Southern Electric Teddygirl

Politer
And less dull than I, gazing,
Since ribs with mackintosh plates
(Belt on the ninth hole) must make,
For ease, one vertical
Brief tube, topped by a face
Eye-staring at a moon 
So Pomona, worn thin by fish and comics,
Hair yet
Bushes of torchlight
Bounding over hills through whose glades
Cool surf burrows
Here knees and nose going
No particular way
Back, insistent, toward
Algae, plasma in pools that Pomona inched
Her million years from, now
Leaning back, on springs,
She peers for huts flash by,
Blinks with blued condescending
Eye slides over roof seas
And yellow skies that roar,
Recrossing the ankles
Her winkle-pickers bruise, to resume
Into Orpington
Her airy trail.

This may come from the late fifties, and Teddy boys then had girlfriends. Southern Electric is probably a south-eastern railway (Brighton, Portsmouth, and London) and he sees the teddy-girl on a train. Pomona is the goddess of fruit, named after apples, and somehow the teenage girl is involved with this goddess. It is possible the train is going through orchards. Somehow the time-frame goes back a million years and the girl makes a journey of that amount of time. The girl reads comics because “public opinion” was concerned at the time that teenagers read comics and not books. This poem feels like the 1920s to me, with the arbitrary and shocking montages of disparate things, which however produce a plausible and maybe satirical surface, flowing smoothly. Middleton may be the genuine heir of the Modernism of the 1920s. It is key for his poems that they don’t just take an artefact and give a literal description of them, but usually take more than one artefact, then think about both of them together – something we can do if we are in a museum and form abiding images of the exhibits we see. If he was just describing works of art, it would be much simpler. He is never flat-footed.

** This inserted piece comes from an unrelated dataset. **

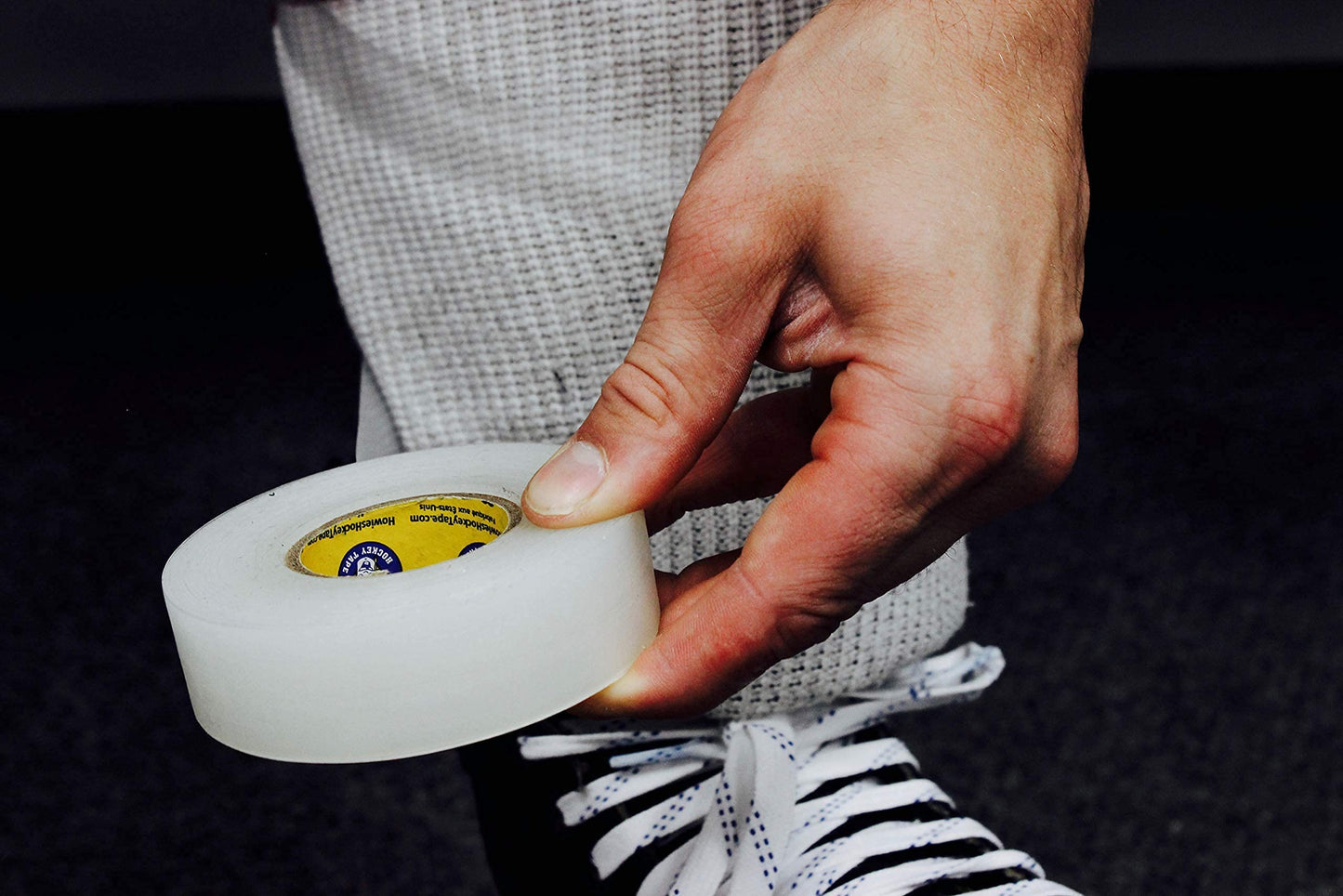 Howies Hockey Tape 6 Roll Pack - Cloth (1 Inch by 25 Yards Long) Clear/Poly (1" x 30yds) Free Tape TIN (Choose Your Colors) White, Black, Clear Shin Pad Sock Tape (6 White)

He several times wrote poems or groups of poems purported to come from a persona, so WV Balloon or Saul Pinkard. This did not work well, in my view. He changed all the time as a poet but was unable to project into an invented character. He had intricate designs for the lens through which a poem sees its material, but that is distinct from creating characters.

*
The internet shows debate about two artefacts allegedly dredged up in Mobjack Bay, Virginia, off Chesapeake Bay, which are Solutrean and allegedly support a marginal theory that Palaeolithic men came to North America from France when the Atlantic was frozen. You can or could buy these flakes for $20,000.
This is the kind of entangling & fascinating junk you find if you surf the Net. Adjacent posts cast doubt on the provenance stories (of which more than one is in circulation). There is a book about the “migration from France” idea, which I saw in a bookshop but avoided buying.
The theory has been somewhat popular with people who wanted to believe that the land of the USA wasn’t originally the property of Native Americans. Andy White was posting in 2015 and is a touch sceptical about the “frozen Atlantic” stuff and indeed the whole world of woo. I believe Dennis Stanford is the archaeologist who connected North American flints with Western European ones. The book was Across Atlantic Ice and I will not be buying it anytime soon. The flints in question don't appear in the Eastern United States, which is why ones from Virginia would be worth many dollars.
Other Net sources show people not agreeing that the super-thin blades were for show only.
It has been pointed out to me, by people more learned than I, that Tiny Tim was singing about the ice-caps melting already in 1968.